Im November 2025 wurden im Ortsbeirat in Wörth und im Ausschuss für Stadtentwicklung und Bauen vom Büro FIRO aus Kaiserslautern verschiedene Varianten für die Entwicklung des Schauffele – Geländes vorgestellt. Dabei wurde uns klar, dass vor der weiteren Planung geklärt werden muss, was mit den Förderanlagen des ehemaligen Kieswerkes und dem Gipskeuper auf dem Gelände geschehen soll. Diese Grundsatzentscheidungen haben Auswirkungen auf die Kosten, den Baugrund, die Nachhaltigkeit und die städtebaulichen Freiheiten. Neben der guten Anbindung an den öffentlichen Nahverkehr ist auch die verkehrliche Erschließung des Gebietes von Bedeutung.
Bereits bei der Vorberatung zu diesem Punkt im Ortsbeirat Wörth und im Ausschuss für Stadtentwicklung und Bauen zeigte sich, dass zum Schauffele – Gelände gegensätzliche Meinungen der CDU/FWG Fraktionen und der SPD/Grünen Fraktionen bestehen. Der SPD Sprecher meinte im Stadtrat, dass die Lage des Geländes unattraktiv für innovative Gewerbebetriebe sei und wies unter anderem auf die hohe Lärmbelastung durch die A65 und Schiene hin.
CDU Fraktion sah dies anders und Ihr Sprecher Jürgen Weber hob die besondere Bedeutung des Schauffele – Geländes für die Stadt Wörth hervor. Eine „Industriebrache“ direkt an der Schiene sieht Jürgen Weber als Standortvorteil für die Ansiedlung zukunftsträchtiger Unternehmen. Der geladene Sachverständige stellte ebenfalls das große Potential, das in diesem Gelände stecke, heraus. Deshalb soll nach Meinung der CDU Fraktion der Gipskeuper unter den Oberleitungen modelliert werden, da hier nicht gebaut werden darf. Die Förderanlagen sollen entfernt werden, um möglichst viel Bauflächen zu erhalten. Der Verkehr soll über die Wolfsgewanne und die Hagenbacher Straße untersucht werden um eine optimale Anbindung zu erreichen.
Eine Wechselwirkung mit den weiteren in der Stadt geplanten Projekten entsteht nicht, da die Entwicklung am Schauffelegelände mit externen Investoren entstehen soll.
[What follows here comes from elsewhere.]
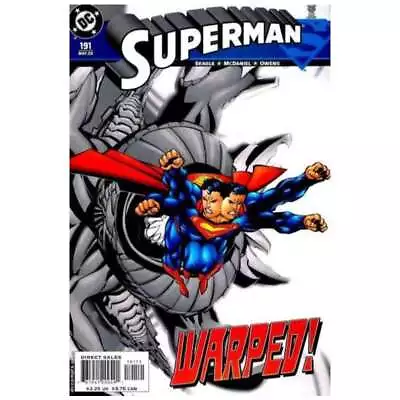 Buy Superman (1987 Series) #191 In Near Mint Minus Condition. DC Comics [f' • 3.04£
Hierdurch wird auch ein finanzielles Abenteuer, wie es durch ein Sportgelände für die Stadt Wörth entstehen würde, verhindert.
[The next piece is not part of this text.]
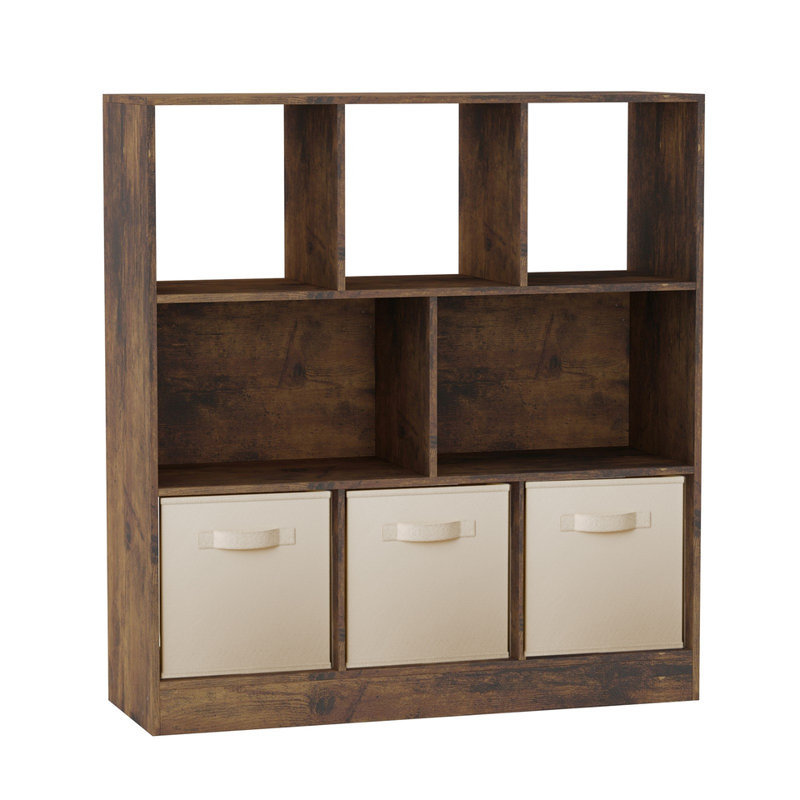 95.3cm H x 88.8cm W Cube Bookcase, Cream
Folgende vier Beschlüsse wurden einzeln mit Mehrheit im Stadtrates gefasst. Die CDU/FWG Fraktion stimmte geschlossen mit der FDP zu.
- Die Förderanlagen sollen abgebaut werden.
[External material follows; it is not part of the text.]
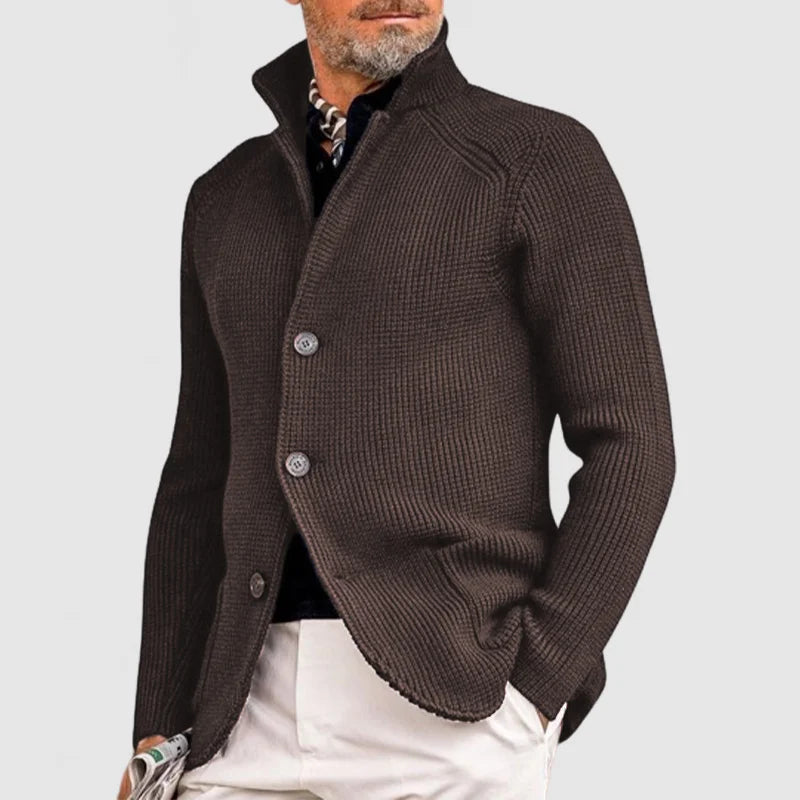 Stijlvol Herenvest met Opstaande Kraag – Comfort & Warmte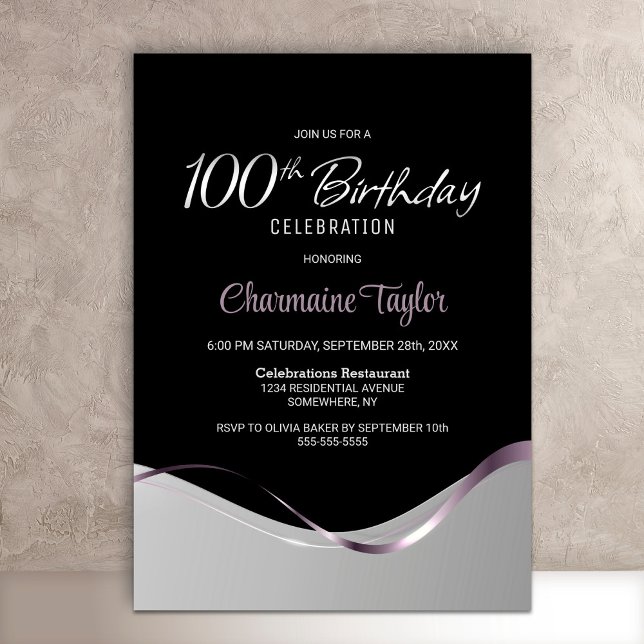 Invitation à la fête du 100e anniversaire de l'arg (Créateur téléchargé)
- Der Gipskeuper soll unter den Stromleitungen am Ende des Geländes verbleiben und entsprechend modelliert werden.
- Die verkehrliche Erschließung soll über die Wolfgewanne und die Hagenbacher Straße vorbereitend untersucht werden.
- Die Verwaltung soll auf Basis des beschlossenen Rahmenplans die für dieses Areal bereits im Verfahren befindlichen Bauleitplanverfahren anpassen.
Die CDU – Fraktion findet es richtig, mit diesen Beschlüssen ein Schritt weiter auf dem Schauffele – Gelände gekommen zu sein.